1 Whole Wheat Flatbread

1 medium Red Bell Pepper

½ medium Red Onion

1 medium Zucchini

2 tbsp Non-Fat Greek Yogurt

1 tbsp BBQ Sauce

1 tsp Ranch Seasoning

1 tsp Olive Oil

PREPARATION

  • 1

    Preheat a grill pan or skillet over medium-high heat. Lightly brush the chicken breast with olive oil and season with salt and pepper if desired.

  • 2

    Grill the chicken breast for about 5-6 minutes on each side until fully cooked and slightly crispy. Once done, let it rest and then slice into strips.

  • 3

    While the chicken is cooking, thinly slice the red bell pepper, red onion, and zucchini.
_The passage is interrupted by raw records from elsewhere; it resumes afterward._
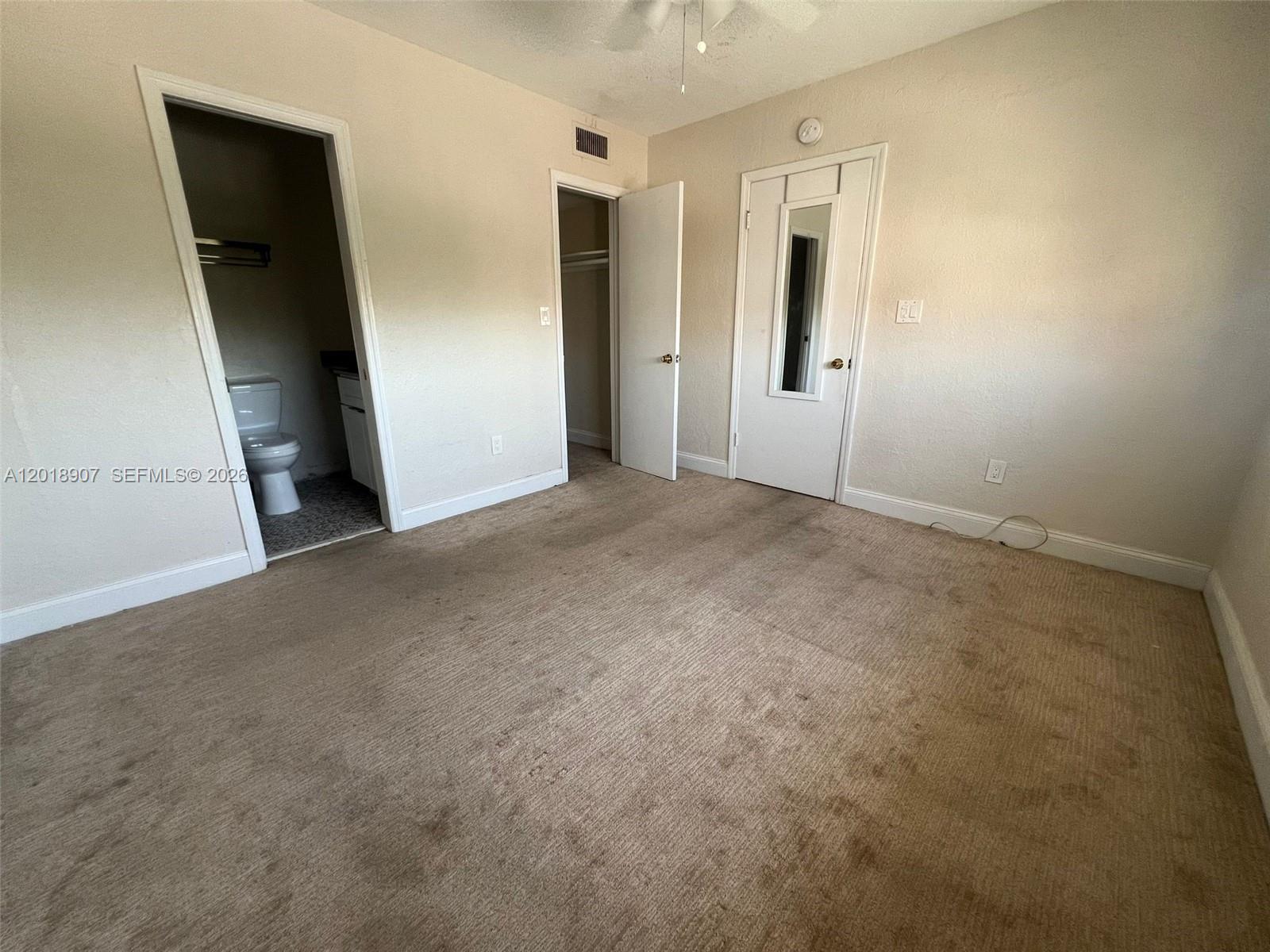 8600 Southwest 67th Avenue, Unit 938 Pinecrest, FL 33156 - Photo 7 of 15 an empty room with closet and mirror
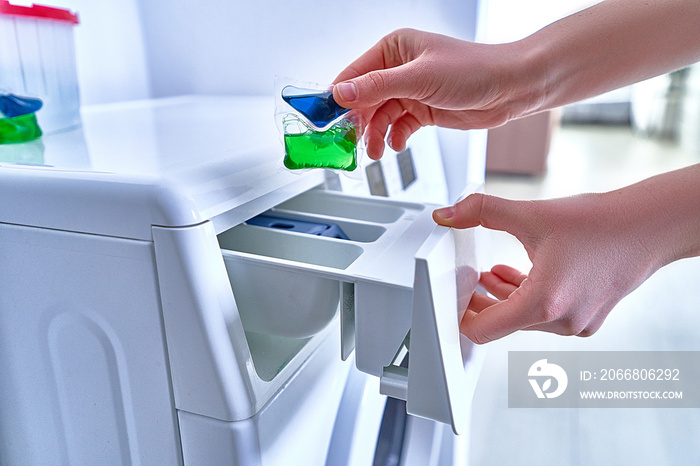 Housewife using laundry powder capsule for washing colorful clothes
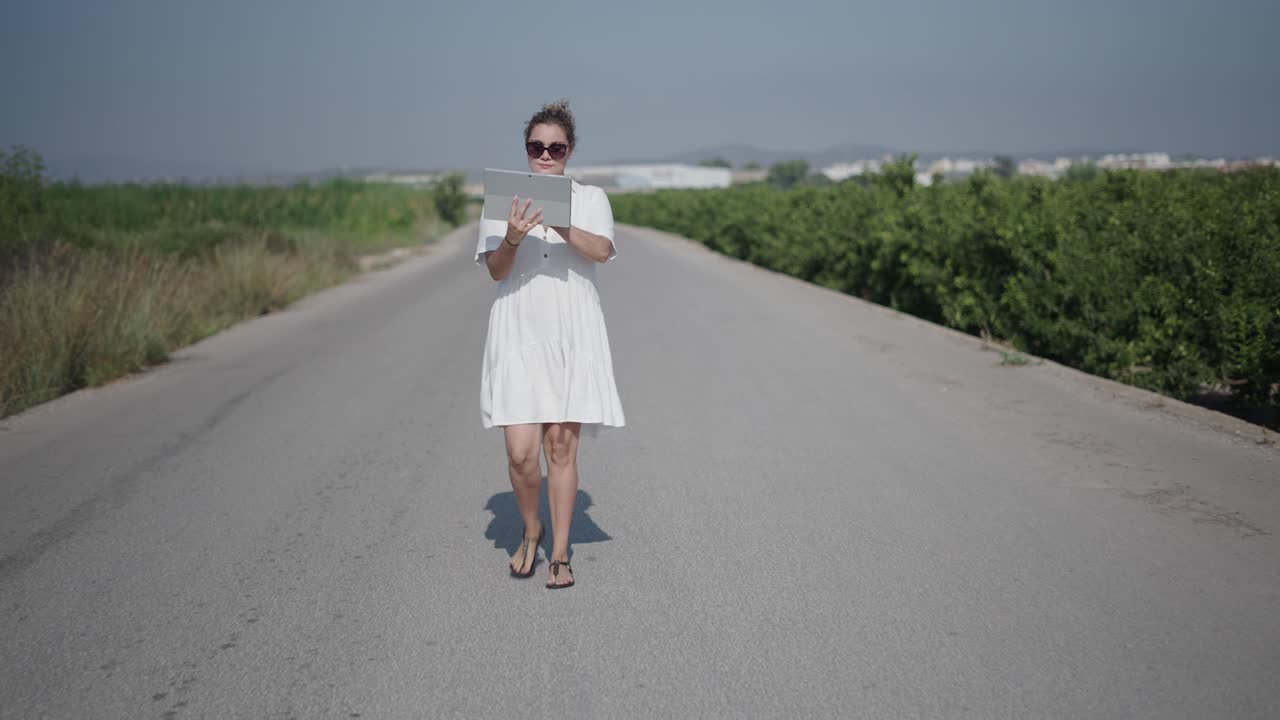Woman walking on a rural road with a tablet
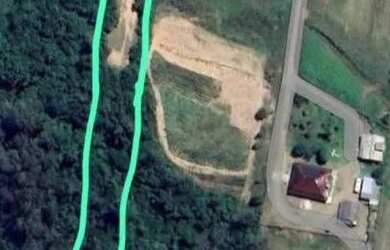 Imagem: O terreno possui 2500m² de Área e Imóvel novo e está localizado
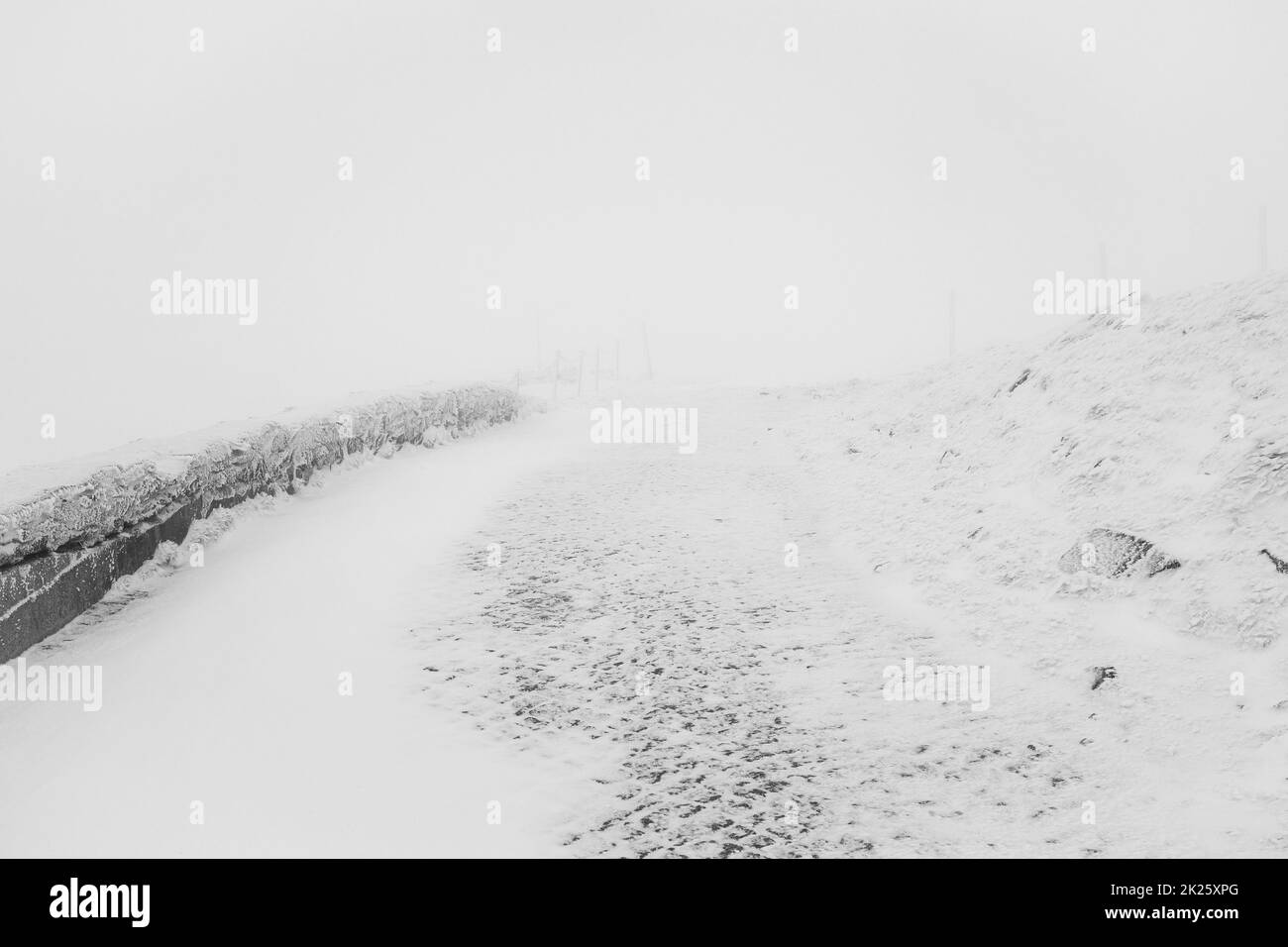 Strada invernale in salita in cattive condizioni meteorologiche. Paesaggio invernale. Foto Stock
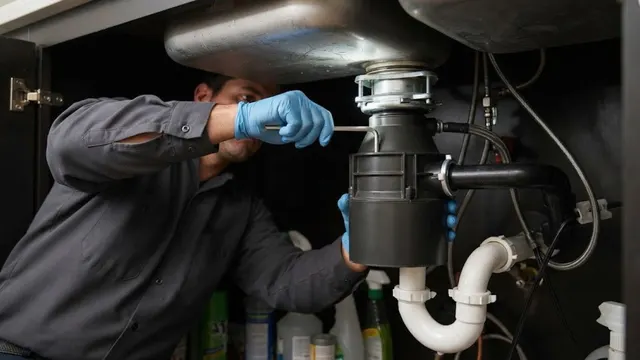 A plumber installing a garbage disposal under a kitchen sink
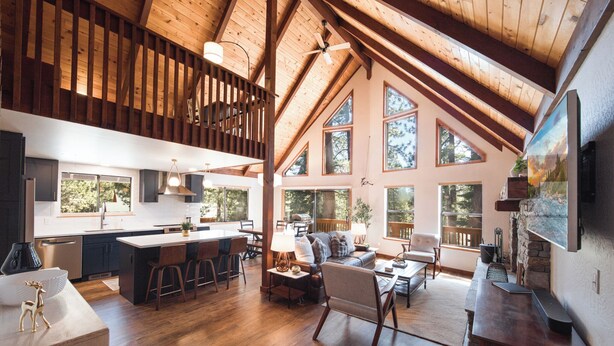 A spacious loft with a high ceiling, wooden beams, a kitchen with a central island, a living area with a fireplace, and large windows offering views of the outdoors. - Hillcrest at Tahoe Donner by Tahoe Getaways - 3BR Pet-Friendly w/ Pool Table & Ping Pong (Truckee)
Sauté the veggies in a non-stick pan for 3-4 minutes until they are tender but still crisp.

  • 4

    For the BBQ ranch drizzle, combine the non-fat Greek yogurt, BBQ sauce, and ranch seasoning in a small bowl until smooth and evenly mixed.

  • 5

    Heat the whole wheat flatbread in a dry skillet or in the oven at 350°F for a couple of minutes until warm and slightly crispy.

  • 6

    Assemble the flatbread by layering the sautéed veggies, grilled chicken strips, and then drizzling the BBQ ranch sauce over it. Serve immediately.